I think it also depends on what exactly the models are and the db structure that fits best. If you read here you see one example http://laravel.com/docs/5.0/eloquent#polymorphic-relations but I think that the Wordpress database schema also uses some sort of polymorphic relationship if you look at the tables wp_term_taxonomy, wp_term_relationships (this is the m-m pivot) and wp_terms. It stores multiple taxonomies in one set of tables.

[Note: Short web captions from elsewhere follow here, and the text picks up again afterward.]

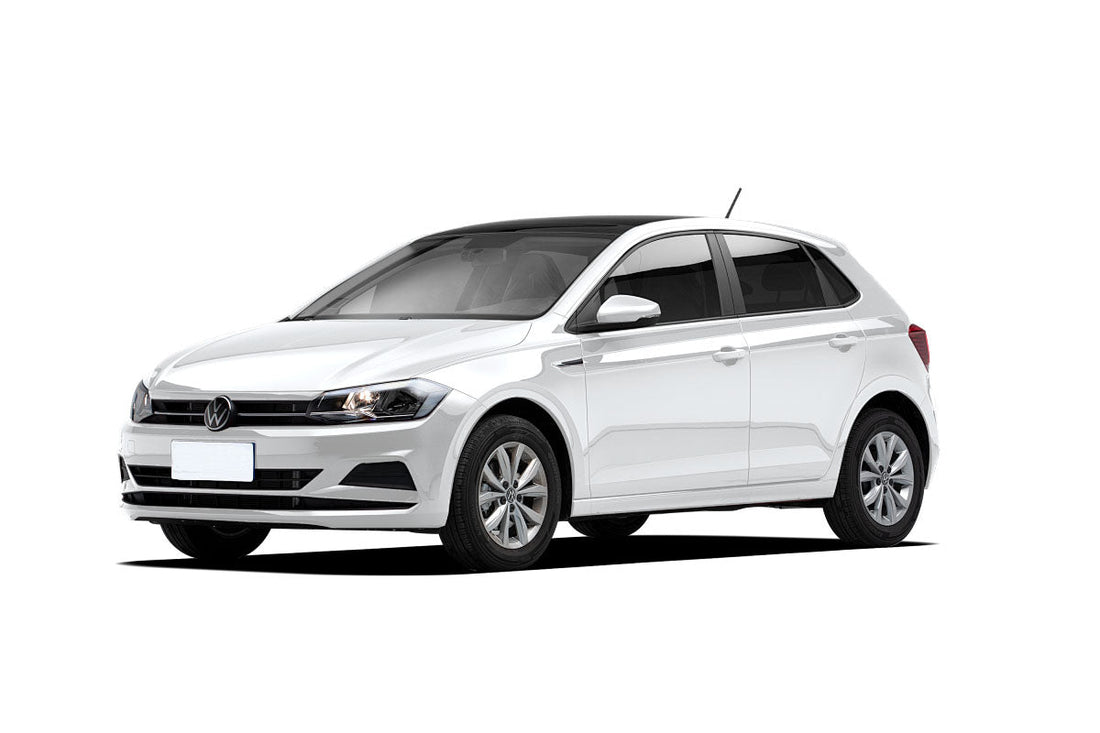 Volkswagen Polo: The Perfect Blend of Style, Performance, and Practicality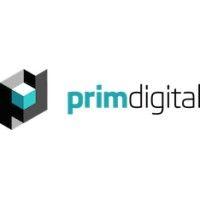 primdigital logo image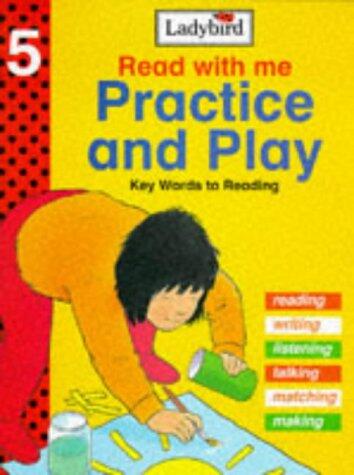 Read with Me!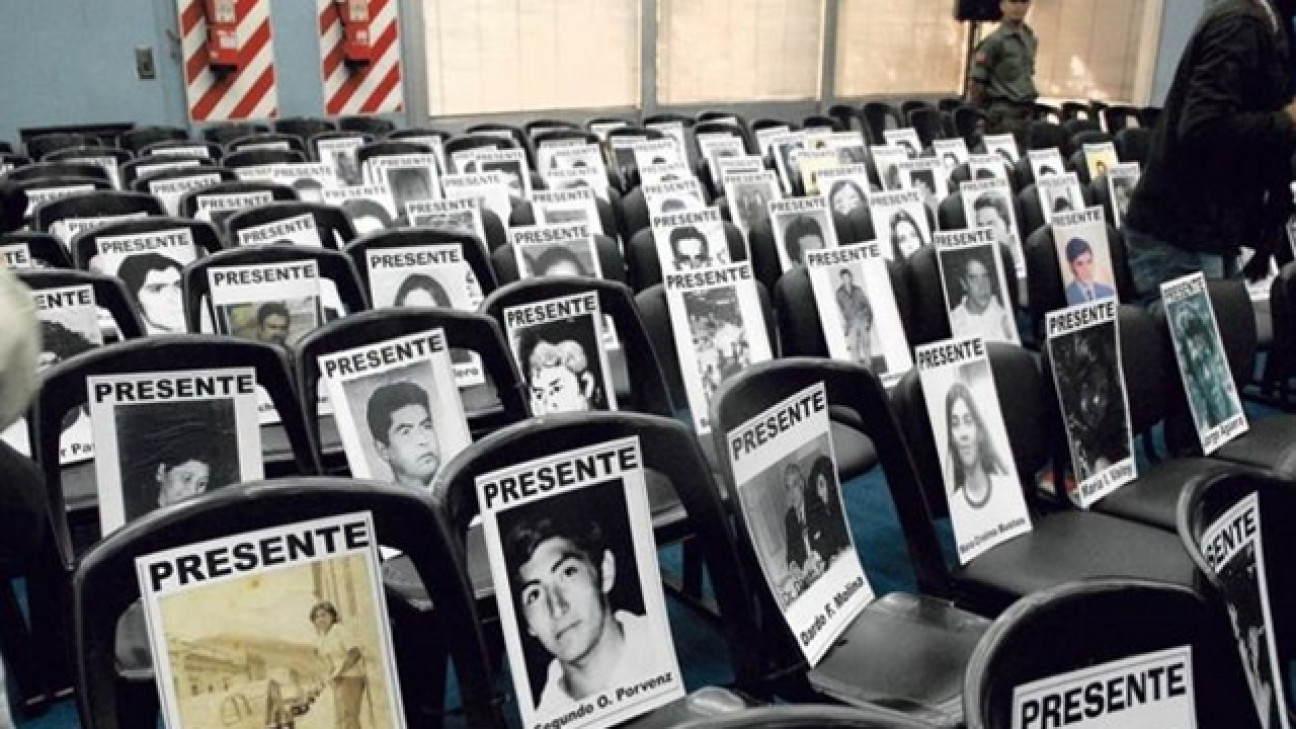 imagen "Lo de Gómez Centurión es una provocación más del Gobierno y sus funcionarios"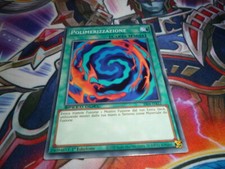 YU GI OH POLIMERIZZAZIONE –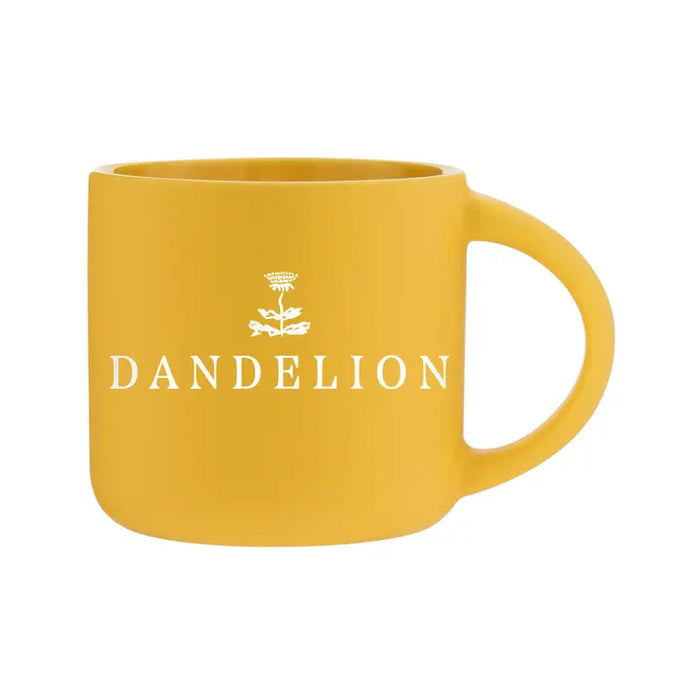 Custom BRAND / LOGO 20 Oz. Ceramic Minolo Mug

In a project I'm working on I use polymorphic relations for Tags, because multiple models can be "taggeable". Say Posts, Articles, Widgets, etc. So instead of creating three separate many to many pivot tables for each of the models, I only have one.

davorminchorov's avatar

Is it recommended to use polymorphic relationships for every one model can be connected with many models situation, like the tags example in the docs? I am asking these questions because at the start of a project, you may have only 2 models which can be connected to one model (example a Group model can be connected with 2 other models and contain 2 types of different groups in one place) but later on you may add more of those.

Mattiman's avatar

Hi @Ruffles, I'm not entirely sure if I fully understand your question. There are basically two levels of decision you have to make:

  • on the database level: decide which tables you need and how they are related. This step is important, because changing the db is usually more difficult then changing code
  • on the code level: decide how the eloquent model relations are. This will mostly result logically from the db structure chosen in step 1, but you can change or add relations on top of that. So in the example of the Taggeable polymorphic relation, maybe at first it's only related to Posts and Pages, but later you will also add a relation for Images. So yes that's possible. Just depends on the specific needs.
davorminchorov's avatar

Ok, cool! What about performance? Is it better to search for different types of tags in one place (polymorphic many to many) or do some joins for multiple many to many pivot tables? (tags for photos and articles)

Mattiman's avatar

Sorry I'm no database expert so can't give a full answer to that. I do know that normally db queries are very fast, as long as properly constructed and well indexed. Whether you join 2, 3 or 4 tables doesn't matter so much then. A join on a few thousand rows can be slow if not properly constructed, a join on many millions of rows can be blazingly fast if constructed/indexed well.